[Exercise requirements]
Starting with the line that contains "Hyundai Solaris II", repeat each line exactly through the final line of the listing. No picture should appear in the copy.

[Supplied information]
──────
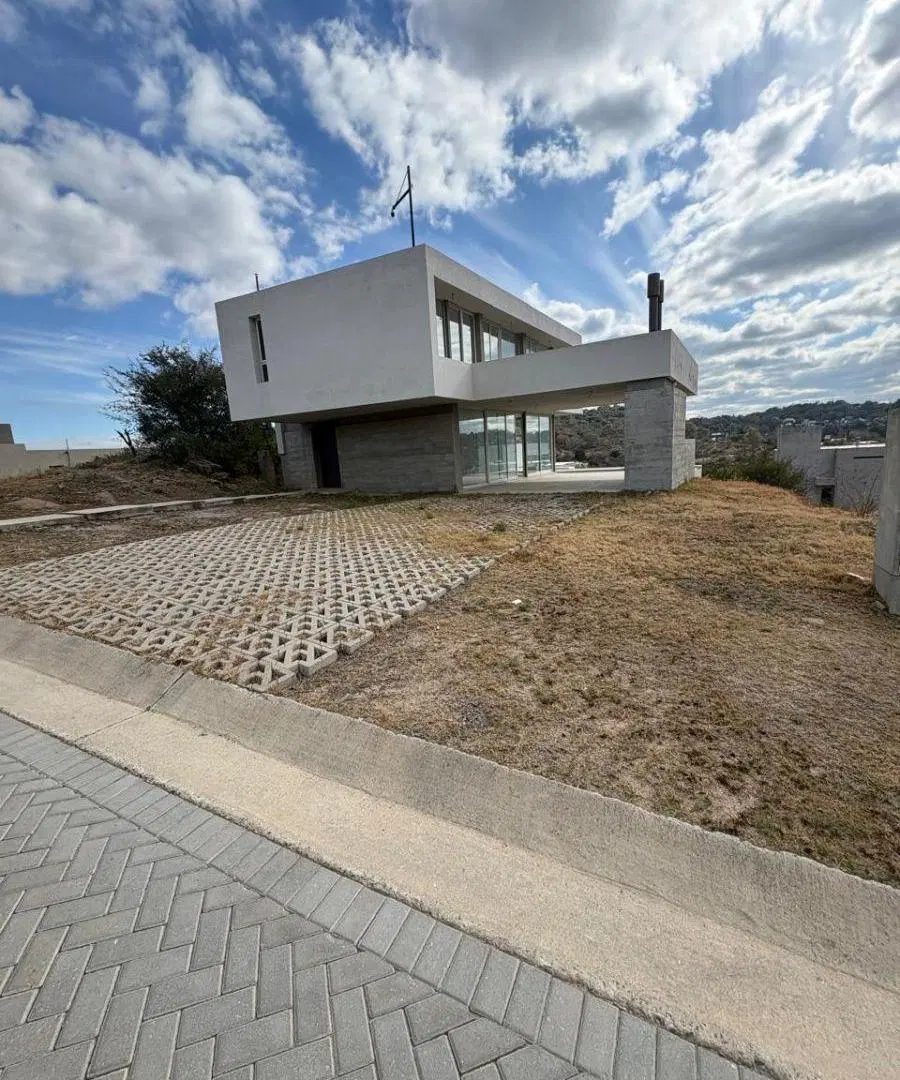VENTA CASA A ESTRENAR VENTURIA PUEBLO SERRANO 2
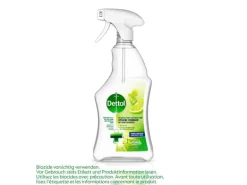 Dettol Desinfektion Hygiene-Reiniger Limetten- & Minze 750 ml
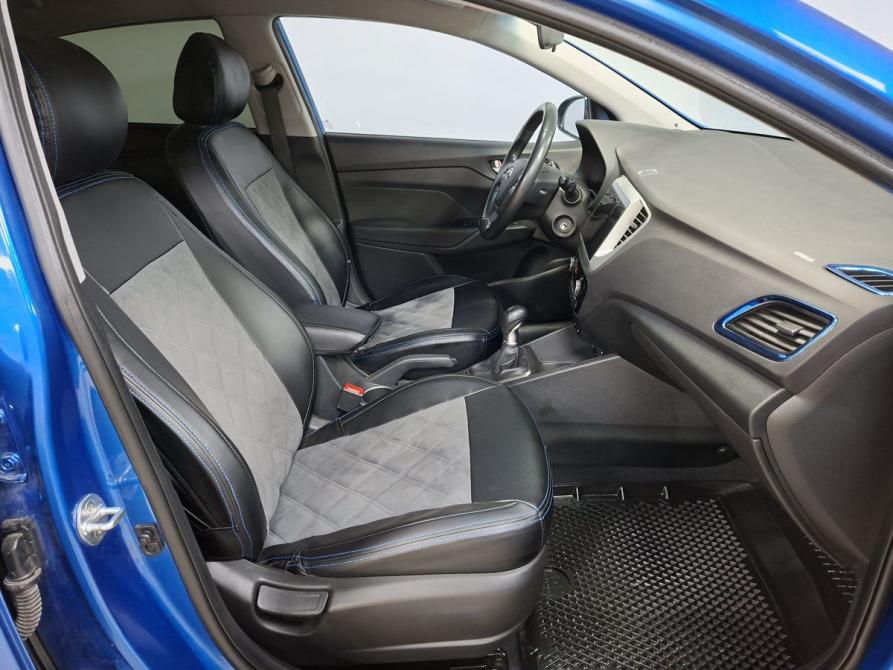 Hyundai Solaris II Москва  - изображение 10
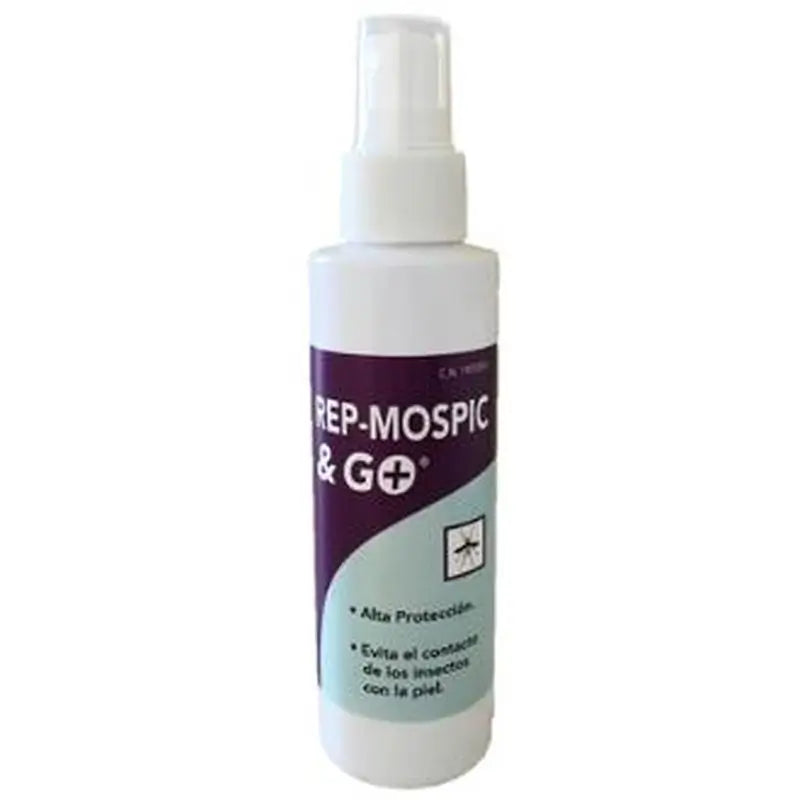 Pharma & Go Rep-Mospic Repelente Mosquitos Spray 100Ml.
──────
[Answer space]
 Hyundai Solaris II Москва  - изображение 10
 Pharma & Go Rep-Mospic Repelente Mosquitos Spray 100Ml.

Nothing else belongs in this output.